Web page caption snippets
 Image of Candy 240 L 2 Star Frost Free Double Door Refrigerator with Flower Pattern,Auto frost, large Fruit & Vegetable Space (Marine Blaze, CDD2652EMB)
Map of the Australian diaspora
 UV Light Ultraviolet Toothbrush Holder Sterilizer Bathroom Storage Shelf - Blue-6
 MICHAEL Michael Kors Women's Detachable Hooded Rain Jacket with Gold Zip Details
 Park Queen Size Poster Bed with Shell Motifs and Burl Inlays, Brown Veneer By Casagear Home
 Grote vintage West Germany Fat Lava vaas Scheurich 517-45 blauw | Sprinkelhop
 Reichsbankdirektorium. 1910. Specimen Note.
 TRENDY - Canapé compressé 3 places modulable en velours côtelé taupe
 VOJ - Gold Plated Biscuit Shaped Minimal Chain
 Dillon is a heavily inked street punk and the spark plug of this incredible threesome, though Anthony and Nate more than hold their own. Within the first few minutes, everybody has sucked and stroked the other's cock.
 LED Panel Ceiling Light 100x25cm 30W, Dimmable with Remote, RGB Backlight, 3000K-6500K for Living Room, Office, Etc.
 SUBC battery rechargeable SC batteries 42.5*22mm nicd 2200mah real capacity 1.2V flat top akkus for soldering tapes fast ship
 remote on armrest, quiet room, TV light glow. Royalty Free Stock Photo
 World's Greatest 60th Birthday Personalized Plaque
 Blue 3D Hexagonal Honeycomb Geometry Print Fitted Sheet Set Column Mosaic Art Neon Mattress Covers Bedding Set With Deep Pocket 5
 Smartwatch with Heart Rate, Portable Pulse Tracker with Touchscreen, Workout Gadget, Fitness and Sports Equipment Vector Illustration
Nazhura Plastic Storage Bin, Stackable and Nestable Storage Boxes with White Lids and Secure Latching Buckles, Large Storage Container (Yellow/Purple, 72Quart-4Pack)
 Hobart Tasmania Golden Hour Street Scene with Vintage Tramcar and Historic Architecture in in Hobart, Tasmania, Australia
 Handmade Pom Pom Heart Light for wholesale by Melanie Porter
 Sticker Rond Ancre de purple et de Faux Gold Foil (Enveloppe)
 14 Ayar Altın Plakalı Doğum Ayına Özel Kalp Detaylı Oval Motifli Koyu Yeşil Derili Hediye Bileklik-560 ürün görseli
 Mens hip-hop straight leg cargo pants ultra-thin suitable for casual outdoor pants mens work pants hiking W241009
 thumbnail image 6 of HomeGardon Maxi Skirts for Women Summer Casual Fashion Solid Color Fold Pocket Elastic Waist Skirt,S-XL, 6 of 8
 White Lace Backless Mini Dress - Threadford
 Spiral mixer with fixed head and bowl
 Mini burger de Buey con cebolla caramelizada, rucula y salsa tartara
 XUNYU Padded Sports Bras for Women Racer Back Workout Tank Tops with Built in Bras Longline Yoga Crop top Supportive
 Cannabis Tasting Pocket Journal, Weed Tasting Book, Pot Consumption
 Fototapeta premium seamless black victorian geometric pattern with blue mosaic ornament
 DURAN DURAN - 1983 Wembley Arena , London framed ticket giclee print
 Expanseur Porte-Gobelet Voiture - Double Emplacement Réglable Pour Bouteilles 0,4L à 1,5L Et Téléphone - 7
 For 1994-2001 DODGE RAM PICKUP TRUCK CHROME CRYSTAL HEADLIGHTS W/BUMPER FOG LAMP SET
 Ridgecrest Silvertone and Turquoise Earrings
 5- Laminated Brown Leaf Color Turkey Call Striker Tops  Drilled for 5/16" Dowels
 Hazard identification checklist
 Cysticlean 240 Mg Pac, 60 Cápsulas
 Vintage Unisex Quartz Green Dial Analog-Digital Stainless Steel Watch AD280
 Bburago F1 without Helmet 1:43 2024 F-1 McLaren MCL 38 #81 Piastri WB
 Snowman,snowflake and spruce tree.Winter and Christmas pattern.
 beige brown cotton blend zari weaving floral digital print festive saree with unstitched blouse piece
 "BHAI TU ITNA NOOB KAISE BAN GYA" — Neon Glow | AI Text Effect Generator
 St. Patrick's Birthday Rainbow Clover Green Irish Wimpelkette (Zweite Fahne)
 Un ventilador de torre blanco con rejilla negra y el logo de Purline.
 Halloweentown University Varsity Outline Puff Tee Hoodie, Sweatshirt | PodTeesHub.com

- ACTIVITY:
Once you have read the records, repeat them all exactly.

- RESPONSE AREA:
 Image of Candy 240 L 2 Star Frost Free Double Door Refrigerator with Flower Pattern,Auto frost, large Fruit & Vegetable Space (Marine Blaze, CDD2652EMB)
Map of the Australian diaspora
 UV Light Ultraviolet Toothbrush Holder Sterilizer Bathroom Storage Shelf - Blue-6
 MICHAEL Michael Kors Women's Detachable Hooded Rain Jacket with Gold Zip Details
 Park Queen Size Poster Bed with Shell Motifs and Burl Inlays, Brown Veneer By Casagear Home
 Grote vintage West Germany Fat Lava vaas Scheurich 517-45 blauw | Sprinkelhop
 Reichsbankdirektorium. 1910. Specimen Note.
 TRENDY - Canapé compressé 3 places modulable en velours côtelé taupe
 VOJ - Gold Plated Biscuit Shaped Minimal Chain
 Dillon is a heavily inked street punk and the spark plug of this incredible threesome, though Anthony and Nate more than hold their own. Within the first few minutes, everybody has sucked and stroked the other's cock.
 LED Panel Ceiling Light 100x25cm 30W, Dimmable with Remote, RGB Backlight, 3000K-6500K for Living Room, Office, Etc.
 SUBC battery rechargeable SC batteries 42.5*22mm nicd 2200mah real capacity 1.2V flat top akkus for soldering tapes fast ship
 remote on armrest, quiet room, TV light glow. Royalty Free Stock Photo
 World's Greatest 60th Birthday Personalized Plaque
 Blue 3D Hexagonal Honeycomb Geometry Print Fitted Sheet Set Column Mosaic Art Neon Mattress Covers Bedding Set With Deep Pocket 5
 Smartwatch with Heart Rate, Portable Pulse Tracker with Touchscreen, Workout Gadget, Fitness and Sports Equipment Vector Illustration
Nazhura Plastic Storage Bin, Stackable and Nestable Storage Boxes with White Lids and Secure Latching Buckles, Large Storage Container (Yellow/Purple, 72Quart-4Pack)
 Hobart Tasmania Golden Hour Street Scene with Vintage Tramcar and Historic Architecture in in Hobart, Tasmania, Australia
 Handmade Pom Pom Heart Light for wholesale by Melanie Porter
 Sticker Rond Ancre de purple et de Faux Gold Foil (Enveloppe)
 14 Ayar Altın Plakalı Doğum Ayına Özel Kalp Detaylı Oval Motifli Koyu Yeşil Derili Hediye Bileklik-560 ürün görseli
 Mens hip-hop straight leg cargo pants ultra-thin suitable for casual outdoor pants mens work pants hiking W241009
 thumbnail image 6 of HomeGardon Maxi Skirts for Women Summer Casual Fashion Solid Color Fold Pocket Elastic Waist Skirt,S-XL, 6 of 8
 White Lace Backless Mini Dress - Threadford
 Spiral mixer with fixed head and bowl
 Mini burger de Buey con cebolla caramelizada, rucula y salsa tartara
 XUNYU Padded Sports Bras for Women Racer Back Workout Tank Tops with Built in Bras Longline Yoga Crop top Supportive
 Cannabis Tasting Pocket Journal, Weed Tasting Book, Pot Consumption
 Fototapeta premium seamless black victorian geometric pattern with blue mosaic ornament
 DURAN DURAN - 1983 Wembley Arena , London framed ticket giclee print
 Expanseur Porte-Gobelet Voiture - Double Emplacement Réglable Pour Bouteilles 0,4L à 1,5L Et Téléphone - 7
 For 1994-2001 DODGE RAM PICKUP TRUCK CHROME CRYSTAL HEADLIGHTS W/BUMPER FOG LAMP SET
 Ridgecrest Silvertone and Turquoise Earrings
 5- Laminated Brown Leaf Color Turkey Call Striker Tops  Drilled for 5/16" Dowels
 Hazard identification checklist
 Cysticlean 240 Mg Pac, 60 Cápsulas
 Vintage Unisex Quartz Green Dial Analog-Digital Stainless Steel Watch AD280
 Bburago F1 without Helmet 1:43 2024 F-1 McLaren MCL 38 #81 Piastri WB
 Snowman,snowflake and spruce tree.Winter and Christmas pattern.
 beige brown cotton blend zari weaving floral digital print festive saree with unstitched blouse piece
 "BHAI TU ITNA NOOB KAISE BAN GYA" — Neon Glow | AI Text Effect Generator
 St. Patrick's Birthday Rainbow Clover Green Irish Wimpelkette (Zweite Fahne)
 Un ventilador de torre blanco con rejilla negra y el logo de Purline.
 Halloweentown University Varsity Outline Puff Tee Hoodie, Sweatshirt | PodTeesHub.com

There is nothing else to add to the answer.